Rupert has discovered a new eye color in Drosophila and decided to call this ext

Question

Rupert has discovered a new eye color in Drosophila and decided to call this extremely bright eye “hot tamale”. To find out if this gene is on chromosome 2 he did a testcross of a heterozygous female to a male that is apterus (ap, chromosome 2), black (b, chromosome 2), and hot tamale (ht). The following progeny resulted.

+ + + 41   ap ht + 301

+ ht + 34 ap + + 307

+ + b 305 ap + b 46

+ ht b 300 ap ht b 36

a. (2 pts) Diagram this cross (using the correct gene order and coupling):

b. (2 pts) Identify the progeny as Parentals (P), recombinant (R), region 1 crossover (R1), region 2 crossover (R2), or double crossover (dco) as appropriate (you may not use all of these designations!)

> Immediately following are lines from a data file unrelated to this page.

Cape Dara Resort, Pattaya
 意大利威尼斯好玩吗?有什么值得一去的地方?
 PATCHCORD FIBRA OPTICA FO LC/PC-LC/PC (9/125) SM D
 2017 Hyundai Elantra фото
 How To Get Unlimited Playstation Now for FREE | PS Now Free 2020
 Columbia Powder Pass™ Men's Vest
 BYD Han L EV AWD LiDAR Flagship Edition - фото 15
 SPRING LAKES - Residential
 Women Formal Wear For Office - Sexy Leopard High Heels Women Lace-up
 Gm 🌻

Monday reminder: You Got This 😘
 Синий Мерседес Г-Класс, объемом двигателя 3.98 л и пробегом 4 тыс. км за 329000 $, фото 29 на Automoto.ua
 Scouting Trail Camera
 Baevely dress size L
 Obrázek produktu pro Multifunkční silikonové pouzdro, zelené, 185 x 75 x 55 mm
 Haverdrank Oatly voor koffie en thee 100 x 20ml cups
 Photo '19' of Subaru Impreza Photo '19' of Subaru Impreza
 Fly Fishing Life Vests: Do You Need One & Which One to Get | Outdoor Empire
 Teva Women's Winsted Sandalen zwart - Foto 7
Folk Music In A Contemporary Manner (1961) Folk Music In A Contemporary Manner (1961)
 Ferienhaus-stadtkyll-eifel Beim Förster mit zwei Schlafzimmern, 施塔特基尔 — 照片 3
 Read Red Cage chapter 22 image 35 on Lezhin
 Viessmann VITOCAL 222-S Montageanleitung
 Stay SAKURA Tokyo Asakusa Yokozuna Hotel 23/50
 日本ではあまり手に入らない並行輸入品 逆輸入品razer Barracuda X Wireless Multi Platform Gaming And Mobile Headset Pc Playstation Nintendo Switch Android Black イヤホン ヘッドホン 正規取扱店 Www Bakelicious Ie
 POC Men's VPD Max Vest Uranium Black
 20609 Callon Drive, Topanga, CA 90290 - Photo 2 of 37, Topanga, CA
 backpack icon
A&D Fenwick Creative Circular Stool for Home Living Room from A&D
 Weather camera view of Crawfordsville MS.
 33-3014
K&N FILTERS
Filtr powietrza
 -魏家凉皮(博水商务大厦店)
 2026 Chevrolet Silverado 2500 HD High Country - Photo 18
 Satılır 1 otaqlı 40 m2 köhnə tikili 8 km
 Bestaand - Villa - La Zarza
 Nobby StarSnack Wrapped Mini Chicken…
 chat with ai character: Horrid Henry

c. (2 pts) Determine the map distance between all linked genes.

d. (4 pts) What gamete types would Rupert have seen if he crossed a heterozygous male to a homozygous recessive female? Use the inverse of the cross in part a as an example and be specific.

e. (6 pts) Would Rupert have been able to determine if the genes are linked or unlinked if he had used the cross suggested in part d? Set up the experiment by comparing the cross in part d with a cross in which all three genes are linked and provide specific evidence.

Explanation / Answer

Answer

a.& b.

ap + +

307 (parents)

+ + b

305 (parents)

ap ht +

301 (SCO)

+ ht b

300 (SCO)

ap + b

46 (SCO)

+ + +

41(SCO)

ap ht b

36 (DCO)

+ ht +

34 (DCO)

The genotypes with highest number will be no crossovers (NCO) or parental types. The two genotypes with lowest number will be double crossovers (DCO) and the rest re single crossovers (SCO).

The NCOs are:

ap + +

+ + b

The DCO are:

ap ht b

+ ht +

In order for this to be a double crossover, the “ht” allele must be in the center since it is differing and switching between the parental and double crossovers. Therefore, the gene order would be: ap ht b or b ht ap

c.

The map distance between ap and ht:

Recombination frequency = (number of recombinants/ total progeny)* 100%

= (46+41+36+34/1370) *100%

= 0.114*100

= 11.4 cm

The map distance between ap and b:

= (301+300+36+34/1370)*100%

=0.489*100

= 48.9 cm

ap + +

307 (parents)

+ + b

305 (parents)

ap ht +

301 (SCO)

+ ht b

300 (SCO)

ap + b

46 (SCO)

+ + +

41(SCO)

ap ht b

36 (DCO)

+ ht +

34 (DCO)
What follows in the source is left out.